Bill Johnson is back with a new Summit novella, “Bury Me in the Rainbow,” in the current issue on sale now. In a chat with us, he reveals how the story came together and teases some of his upcoming projects.
Asimov’s Editors: Bill, some our long-time readers may recognize some of the characters in this story—what is their history in your writing and in Asimov’s?
Bill Johnson: In 1997, I wrote a novelette “We Will Drink A Fish Together.” It was published in Asimov’s and won the Hugo in 1998.
I was born and raised in very rural parts of South Dakota and Iowa (and now live in Chicago), and I’ve always been struck by the difference in attitudes between very rural areas and cities. They are—in many ways—completely alien to each other.
I had just gone back to Dakota for a funeral and when I got back to Chicago I started to write about this difference. I have “real” aliens in the story but the true aliens are the different people, their cultures, and how they interact. It’s not a matter of political differences—many small town people are quite liberal and many city dwellers are very conservative—but in how they view the world, each other, and their different approaches to the same problem.

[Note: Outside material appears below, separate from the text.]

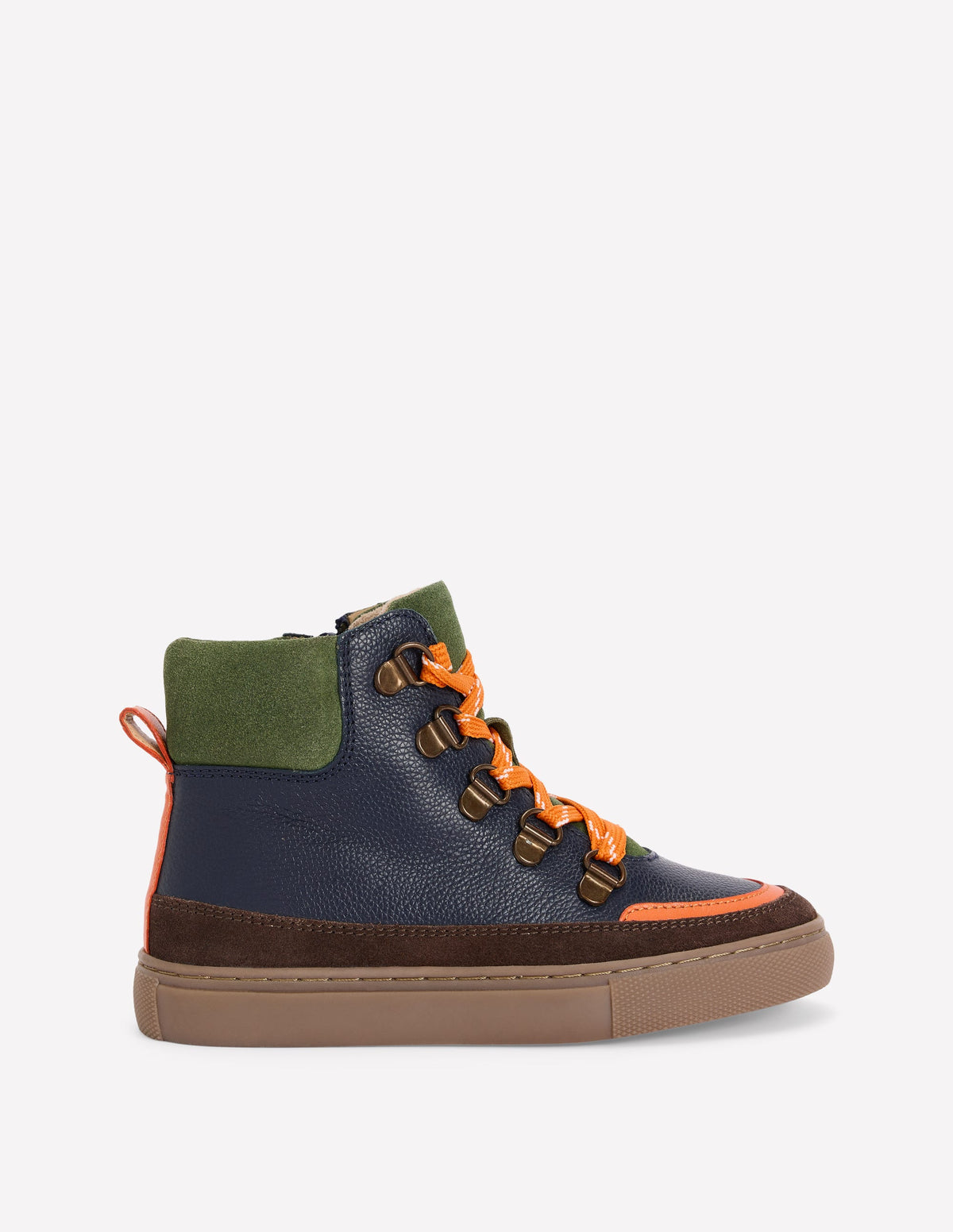 Schnürstiefel-Schuluniform-Marineblau - Image 1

Fish is, to me, an introduction to the town of Summit and the real problem the town faces: the imminent extermination of their way of life by the flatlanders, the people from big cities who are attracted to their area by the cheap land, unspoiled scenery, and relaxed lifestyle. The same problem faced by residents in many different areas (the Hamptons, much of Michigan, Idaho, etc.). In the case of the people of Summit, however, they do have an option.
Do they leave Earth?
Which is a very complicated decision.
AE: How did the title for this piece come to you?

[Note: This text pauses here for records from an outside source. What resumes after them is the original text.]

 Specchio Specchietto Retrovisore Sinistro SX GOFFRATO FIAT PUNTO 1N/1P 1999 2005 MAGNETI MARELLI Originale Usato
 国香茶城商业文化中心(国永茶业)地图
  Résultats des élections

BJ: A quiet, demographic extermination is underway in many parts of the world. In the rural areas around the world, mechanization of agriculture and the demise of traditional mining, retail, and other economic activities is driving out the young people. The small towns of both the developed and undeveloped world are shrinking in population, and the only people left are rapidly aging.
In Dakota, on my last visit, I drove by the community church. At least, I tried to drive by the church. It was now an empty lot.
Turned out, there weren’t enough people left to support the parish. The young people were gone, and the old people were too feeble (physically) to maintain the building. So the church was de-consecrated, and the altar and stained glass windows and statues removed.
The church was then burned, and bulldozers pushed the rubble into the basement, filled it in, and leveled the lot.
Later that day, I was up at the cemetery, looking at the old graves on the edge of the prairie. I found, hidden inside a copse of trees, the church altar and windows, carefully placed to catch the sun so the colors would stream across the graves and the statues would seem to bless the dead.
“Bury Me In The Rainbow” came from that.
AE: Do you particularly relate to any of the characters in this story?
BJ: In the “Summit” stories, I am really the outside observer. A reviewer once claimed I simply took the characters for “Fish” from a stock of rural stereotypes, mixed them together, and wrote them out.
The answer, quite simply, is no.
Many of the characters are based on actual people. Buddy the dog and Limbo are, well, real. Limbo really did not think it was right to bury his dog.
The first time I heard those chains brush against each other like a heavy metal wind chime and then looked up was quite . . . surprising.
Chuck the bartender, Brother Stephanie, Oly, Mother Lu. Perhaps they are combinations of people, but they’re quite real.
My wife—after her first visit up north—told me she thought I made up all my stories about Dakota.
She apologized.
AE: How much or how little do current events impact your writing?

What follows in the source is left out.